Mas a minha vez nunca chegou. Eu jamais fui escolhido. E talvez pela bebida que tomava conta do meu sistema, isso me aborreceu. Ao vê-la com um dos meus amigos, me vi deixando a garota que estava no meu encalço de lado, e segui para fora da praia particular, andando meio tonto e instável pelo calçadão.

Mãos nos bolsos, olhos para o chão, eu caminhava lembrando de quando a vi rebolar sobre a mesa. Lembrava dos seus olhos castanhos quando apresentada a nós e da gargalhada louca quando comparou a si mesma a um furacão.

Tão vulgar! O vestido colado, os cabelos balançando, o quadril requebrando de forma tão maliciosa, suja. Tão sem freios como se fosse uma adolescente e não uma mulher adulta. Com uma pose tão elegante e ao mesmo tempo, rebolando sem pudor, se achando uma dançarina nata. Ah, Katrina! Tão, mas tão mimada!

E eu estava tão, mas tão apaixonado.

Chequei meu telefone algumas vezes, na esperança de receber alguma mensagem de alguém preocupado comigo, mas lógico que não receberia. Todos os meus amigos estavam preocupados demais com álcool e garotas, ninguém queria desperdiçar um único segundo dos últimos dias de férias, mas eu estava abalado por estar apaixonado por uma garota que jamais olhou ou olhará para mim.

Aproveitei o celular em mãos para procurar as redes sociais de Katrina, encontrando seu facebook totalmente liberado para estranhos. Enviei um convite de amizade, mesmo sem esperanças de que ela me aceitasse, mas era fraco demais para resistir e não mandar, afinal, o que eu tinha a perder?

Talvez meu tempo ao olhar de dois em dois minutos se recebera alguma notificação.

O mais deprimente de toda esta história é notar que durante todo o dia e as duas semanas seguintes, enquanto esperava uma migalha de atenção de Katrina, eu fui, mais uma vez, coadjuvante da minha própria história.

Apaixonado por uma garota que é tão quente como o verão, os sentimentos me atacavam dia após dia como as ondas de um mar em ressaca. E ela sequer deveria se lembrar do meu nome, porque pessoas como ela sempre estava rodeada de pessoas e eu jamais fora do tipo mais memorável.

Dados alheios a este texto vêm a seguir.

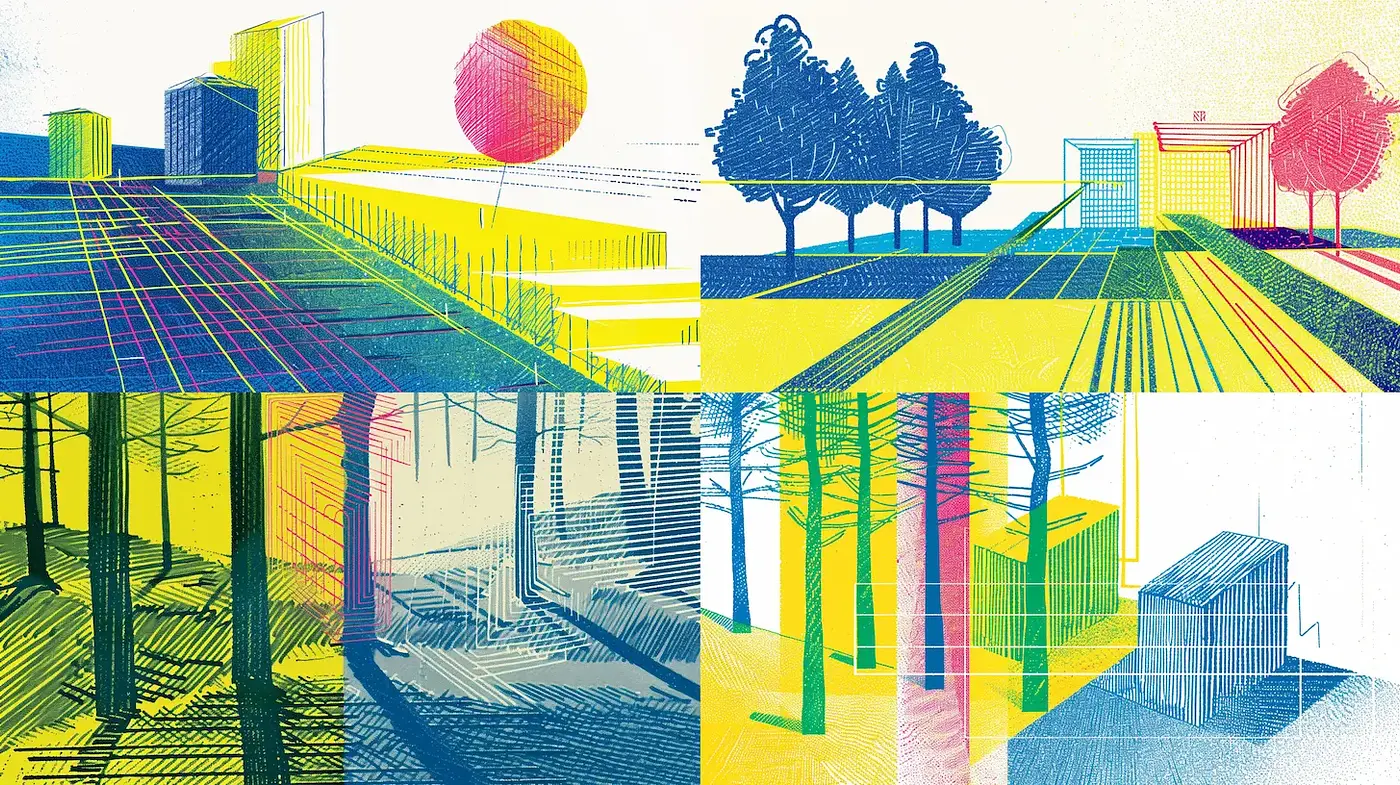 Vibrant Geometric Landscape Illustrations with a Contemporary Flair - Midjourney sref style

O que eu fiz para que Katrina se lembrasse de mim? Apenas fugi, quando percebi que não poderia a ter, nem mesmo por uma vez, muito menos para sempre.

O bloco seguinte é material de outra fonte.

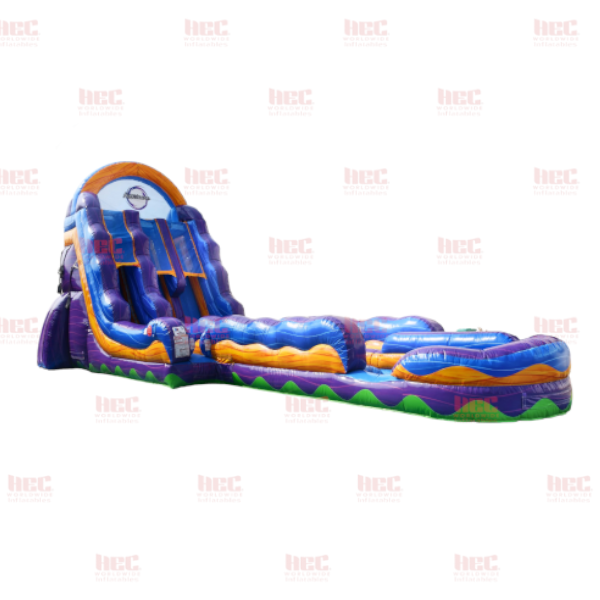 Piscina inflable de 22 pies con doble carril y sin palmeras, color naranja mármol 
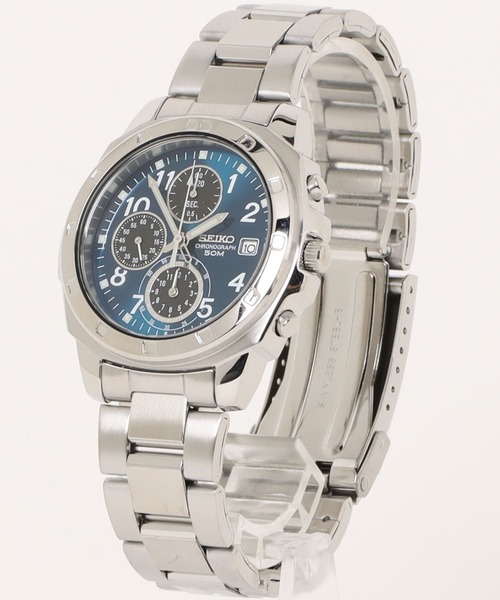 SEIKO(セイコー)の「SEIKO セイコー/ 5気圧防水 日本製クォーツ クロノグラフ メタルベルト ラウンドフェイス アナログ腕時計 //// SNDシリーズ(アナログ腕時計・メンズ・ブラック×シルバー/シルバー×ブラック/シルバー×ブルー/ダークグリーン/シルバー/レッド/イエロー・FREE)」の18枚目の写真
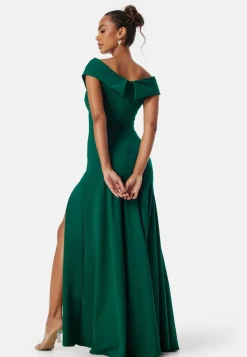 Goddiva Bardot Pleat Maxi Split Dress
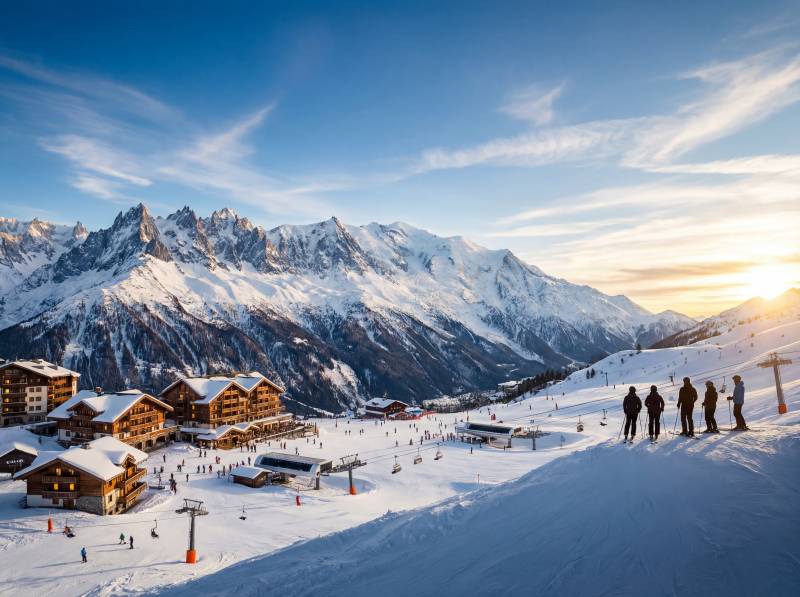雪山小镇滑雪胜地图片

E para alguém tão brilhante como o sol, descontrolada e destrutiva como um furacão, o último tipo de pessoa que Katrina precisa é um cara que vive sendo coadjuvante ao contar sua própria história.

Mesmo assim, eu jamais poderia deixar de escrever sobre essa mulher, porque jamais poderia me esquecer de como foi avassalador aquele dia de verão e aquele sentimento misturado ao calor, álcool e becks. Ao mar, ao sol e marchinhas de carnaval sendo tocadas em trios elétricos pela avenida. Ao ritmo do meu coração ao vê-la, ao olhar o celular constantemente atrás de um sinal e a alegria sem sentido quando o convite enviado foi aceito.

Mas naquele momento percebi que nada seria real, minha relação com Katrina deveria ser assim, unilateral, pois ela é surreal para a minha vida. Ela é surreal para a própria vida. A personagem principal enquanto só sei me por em segundo plano. E eu viveria de lado por Katrina, que nasceu para ser estrela, mas ela jamais deixaria de brilhar por mim, ou qualquer outro.

Furacões não sedem a vontade, eles invadem e destroem. Katrina me invadiu, me destruiu com uma paixão platônica. E agora faço esse registro escrito, a transformando na protagonista que sempre fora para que deixe de atormentar meus pensamentos.

Deixo Katrina no papel, como uma personagem de ficção. Talvez assim esqueço, algum dia, do sentimento iludido que tomou meu coração.